Manchester Metropolitan University’s Business School has a clear and ambitious mission: to produce socially conscious, environmentally responsible, and highly employable business leaders. For professionals weighing a part-time MBA in the UK, the Manchester Met MBA makes a compelling case, combining rigorous academics, a flexible HyFlex format, and a commitment to responsible leadership.

Built around responsible leadership


At the heart of the programme is a focus on the triple bottom line – profit, people, and planet. Sustainability isn’t a bolt-on module; it’s woven into every unit of the MBA and mapped across the United Nations Sustainable Development Goals (UN SDGs). The school even screens for values alignment at the application stage.

We want our graduates to, upon completing their studies, go out in the real world and make an immediate positive impact on their careers, their organisations, and their wider societies,” says Dr. Anastasia Kynighou, MBA Director and Associate Professor in HRM at Manchester Metropolitan. The approach attracts students who already share those values.

We get a lot of people that say, I want to come and do your MBA because your core values match my core values as an individual.

Programme structure: flexible, practical, future-proofed


The Manchester Met MBA is a two-year part-time programme, structured around eight 15-credit modules and two 30-credit applied projects – one per year. Each module integrates guest speakers from industry, keeping theory firmly grounded in practice.

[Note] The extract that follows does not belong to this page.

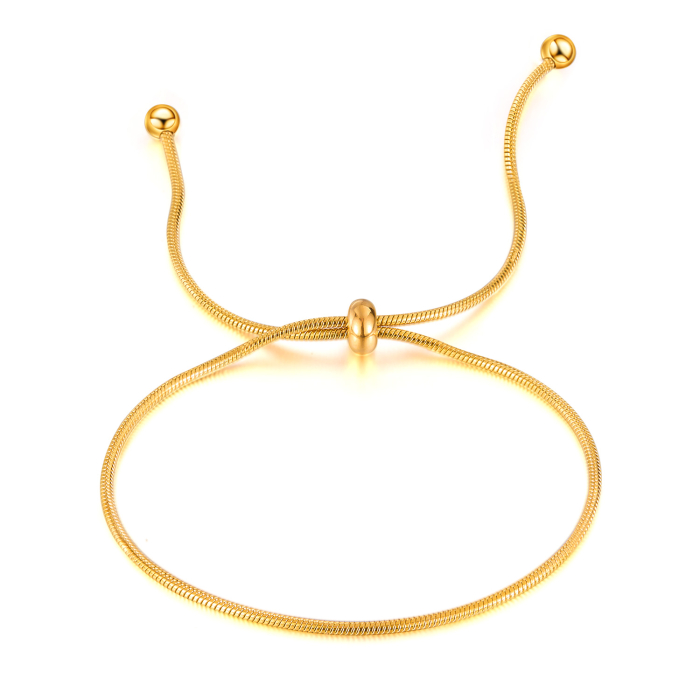 Bratara glezna aurie ajustabila tip sarpe – Minimalism rafinat [1]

The two projects are a defining feature. In year one, students complete the Transformational Applied Entrepreneurship project, responding to a real-world societal challenge using the entrepreneurial cycle. In year two, the Consultancy in Action project places students inside real companies, delivering the kind of hands-on consulting experience that accelerates career progression.

What truly sets the programme apart is its new HyFlex MBA suite. Students can attend modules either in person or virtually, with both groups interacting in real time through cutting-edge technology. The format was developed with the realities of modern professional life in mind.

This is a reflection of the real world, and this is also how people work in business nowadays, in hybrid groups and using hybrid technologies,” says Dr. Kynighou. The school holds triple accreditation from AACSB, AMBA, and EQUIS, placing it in the top 1% of business schools globally.

Why study in Manchester?


For international students, Manchester offers something that other UK university cities often can’t: a world-class education in the centre of a genuinely vibrant, walkable city. Dr. Kynighou speaks from personal experience, having studied in Manchester as an international student herself.

Some of my friends who studied at other universities in the UK had campuses away from the city centre and were isolated. And I had the opportunity to have this vivid social life and attend concerts, theatre, and exhibitions,” she recalls. Manchester’s size works in its favour too – large enough for diverse opportunity, human enough to foster real community.

It’s not London so it’s not massive. You can actually walk down Oxford Road and still run into people that you haven’t seen in ages.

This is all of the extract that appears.